Monday, January 19, 2015

Rosa Parks Blvd

Unveiling of Street signage for Rose Parks Blvd

Friday evening Cathy and I watched the new movie "Selma" about the efforts to create a Federal Voting Rights Act, eliminating much of the discrimination that prevented individuals from being able to register to vote, particularly the poor and those of color.  It was a telling and sobering movie that has reminded us of how far we've come, yet what short sighted things we sometimes still do today.  If you haven't seen it, you should.  I don't know enough about what movie critics are looking for in picking Oscars, but this is a well done movie and worth the ticket price and will be a keeper when it comes out for personal use.

Friday evening reminded me of my own participation in the honorary street naming of 200 E in Salt Lake City to Rosa Parks Blvd.  I've always had a deep respect for the civil rights movement and certainly studied it extensively in my collegiate pursuits in history.  However I was pleasantly surprised, when I was approached by the Salt Lake Chapter of the NAACP a few years ago and their chapter president, Jeanetta Williams, who asked me what it would take to have a street named for Rose Parks and if I would be willing to take the lead.  We did some research among council staff and I had conversations with my colleagues at the time.  I felt like it should be a street that actually had buses on it, and it was also important that at some point, it intersected with 600 S - Martin Luther King Blvd and 500 S - Cesar Chavez Blvd.  Our rules required that the petitioner (in this case me) would have to bare the full cost of changing the street signs in addition to the council action required.  In an effort to address some of that cost, and to keep the change at a reasonable level, we decided to do the segment between South Temple and 600 S. My initial plan was to see if I could get a corporate partner to challenge match and then I would proceed to begin my fund raising effort.  My first stop was with my employer at the time, Zions Bank and I approached Scott Anderson, its President.  Scott asked me how much the total cost would be, and then wrote me a personal check for the entire amount.  I dare say, it was the easiest effort in raising funds that I've experienced, but I was so grateful for his person support.
Robert Rendon - Zions Bank, Mayor Rocky Anderson, myself, Gloria Wilkinson - Zions Bank
Jeanetta Williams - NAACP, Nancy Saxton, SLC Council and a representative of Youth City
Unfortunately the day of the unveiling, Scott was unable to join us but sent two friends from Zions Bank and we unveiled the signs in the Urban Room of the Salt Lake City Library.  Salt Lake City has since extended signage beyond 600 S and it always brings a feeling of pride and gratitude when I pass one of them.  I actually still have the one on the easel for my own personal memories.

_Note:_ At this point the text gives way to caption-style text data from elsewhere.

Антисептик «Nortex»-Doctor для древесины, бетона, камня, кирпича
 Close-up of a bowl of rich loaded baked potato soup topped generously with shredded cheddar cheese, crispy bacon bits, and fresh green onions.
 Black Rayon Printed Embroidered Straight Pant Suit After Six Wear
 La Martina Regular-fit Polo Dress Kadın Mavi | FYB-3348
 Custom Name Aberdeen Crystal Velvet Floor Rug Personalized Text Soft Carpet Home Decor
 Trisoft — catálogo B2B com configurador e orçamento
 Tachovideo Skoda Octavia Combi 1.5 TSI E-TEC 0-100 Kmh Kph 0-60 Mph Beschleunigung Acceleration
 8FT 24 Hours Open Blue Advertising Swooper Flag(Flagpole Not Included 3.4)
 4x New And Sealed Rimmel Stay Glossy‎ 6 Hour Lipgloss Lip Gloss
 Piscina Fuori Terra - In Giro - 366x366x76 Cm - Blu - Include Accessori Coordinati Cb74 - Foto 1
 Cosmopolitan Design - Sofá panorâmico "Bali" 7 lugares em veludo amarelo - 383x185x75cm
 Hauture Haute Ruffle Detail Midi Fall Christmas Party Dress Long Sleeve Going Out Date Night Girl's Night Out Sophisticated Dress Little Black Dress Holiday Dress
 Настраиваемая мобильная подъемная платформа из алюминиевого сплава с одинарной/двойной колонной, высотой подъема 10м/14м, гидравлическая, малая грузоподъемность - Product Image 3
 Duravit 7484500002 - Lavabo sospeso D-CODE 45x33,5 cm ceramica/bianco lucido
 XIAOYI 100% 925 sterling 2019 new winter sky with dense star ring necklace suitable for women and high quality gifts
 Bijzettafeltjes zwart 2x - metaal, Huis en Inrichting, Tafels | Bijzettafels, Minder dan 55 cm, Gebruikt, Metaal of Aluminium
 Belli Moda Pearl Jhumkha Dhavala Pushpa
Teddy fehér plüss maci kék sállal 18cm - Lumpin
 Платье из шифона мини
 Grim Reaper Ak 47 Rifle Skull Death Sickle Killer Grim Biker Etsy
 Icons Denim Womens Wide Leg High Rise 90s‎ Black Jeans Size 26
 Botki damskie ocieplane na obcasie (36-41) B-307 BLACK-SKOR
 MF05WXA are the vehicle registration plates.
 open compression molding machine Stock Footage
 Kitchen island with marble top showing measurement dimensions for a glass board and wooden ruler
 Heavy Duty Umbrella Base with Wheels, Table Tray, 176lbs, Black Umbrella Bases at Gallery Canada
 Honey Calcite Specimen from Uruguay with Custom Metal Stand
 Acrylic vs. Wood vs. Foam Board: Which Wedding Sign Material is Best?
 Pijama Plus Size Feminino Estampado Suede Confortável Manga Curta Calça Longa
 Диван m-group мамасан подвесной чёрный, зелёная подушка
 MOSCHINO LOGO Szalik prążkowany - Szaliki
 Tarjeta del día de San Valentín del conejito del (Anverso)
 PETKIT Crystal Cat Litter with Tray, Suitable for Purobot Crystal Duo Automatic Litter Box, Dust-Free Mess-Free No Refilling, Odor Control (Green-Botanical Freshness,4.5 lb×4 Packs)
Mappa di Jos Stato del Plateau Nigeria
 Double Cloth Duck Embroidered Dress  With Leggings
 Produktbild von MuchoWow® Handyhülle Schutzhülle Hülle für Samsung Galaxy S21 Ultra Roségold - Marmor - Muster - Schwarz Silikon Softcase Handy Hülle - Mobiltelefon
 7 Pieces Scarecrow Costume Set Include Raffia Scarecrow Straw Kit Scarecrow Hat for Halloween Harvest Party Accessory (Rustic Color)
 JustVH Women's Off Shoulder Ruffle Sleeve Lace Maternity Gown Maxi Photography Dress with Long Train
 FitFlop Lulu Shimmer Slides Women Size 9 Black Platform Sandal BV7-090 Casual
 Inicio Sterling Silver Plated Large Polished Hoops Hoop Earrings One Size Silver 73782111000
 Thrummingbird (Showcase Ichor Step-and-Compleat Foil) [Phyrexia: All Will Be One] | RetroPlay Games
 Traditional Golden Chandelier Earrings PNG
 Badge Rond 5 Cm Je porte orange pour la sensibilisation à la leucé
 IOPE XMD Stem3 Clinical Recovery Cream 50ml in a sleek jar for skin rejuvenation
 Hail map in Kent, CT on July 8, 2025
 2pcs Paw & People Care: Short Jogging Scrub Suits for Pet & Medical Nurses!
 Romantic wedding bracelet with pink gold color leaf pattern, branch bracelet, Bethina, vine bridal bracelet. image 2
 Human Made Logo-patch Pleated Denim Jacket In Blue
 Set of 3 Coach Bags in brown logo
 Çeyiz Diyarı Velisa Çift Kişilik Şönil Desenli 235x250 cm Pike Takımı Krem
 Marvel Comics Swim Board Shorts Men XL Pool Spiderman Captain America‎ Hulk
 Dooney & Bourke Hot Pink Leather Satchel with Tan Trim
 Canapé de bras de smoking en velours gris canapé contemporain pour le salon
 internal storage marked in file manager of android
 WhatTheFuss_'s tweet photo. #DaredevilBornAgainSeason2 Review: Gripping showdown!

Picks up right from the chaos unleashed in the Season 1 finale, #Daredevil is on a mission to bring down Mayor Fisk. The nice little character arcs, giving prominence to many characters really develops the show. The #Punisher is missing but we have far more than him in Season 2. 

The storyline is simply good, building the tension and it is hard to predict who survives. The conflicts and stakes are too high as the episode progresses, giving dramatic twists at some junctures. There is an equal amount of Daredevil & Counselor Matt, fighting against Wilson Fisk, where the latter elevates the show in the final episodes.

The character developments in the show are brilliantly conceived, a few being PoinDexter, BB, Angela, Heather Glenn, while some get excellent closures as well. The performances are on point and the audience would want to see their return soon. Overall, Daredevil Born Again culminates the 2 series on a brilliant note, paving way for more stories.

I'm also grateful for Rose Parks.  My girls and I did some studying of her story so that we could better understand her sacrifice and the significance of the event.  Not only did it change history for those of color, but for women too.  The combination of those two things, often get overlooked and it was important for my girls to understand it.

On this Martin Luther King, Jr Day, I express my gratitude for the blessings of individuals, including Dr King who sacrificed much so we would be more tolerable, kinder and hold ourselves to a better standard.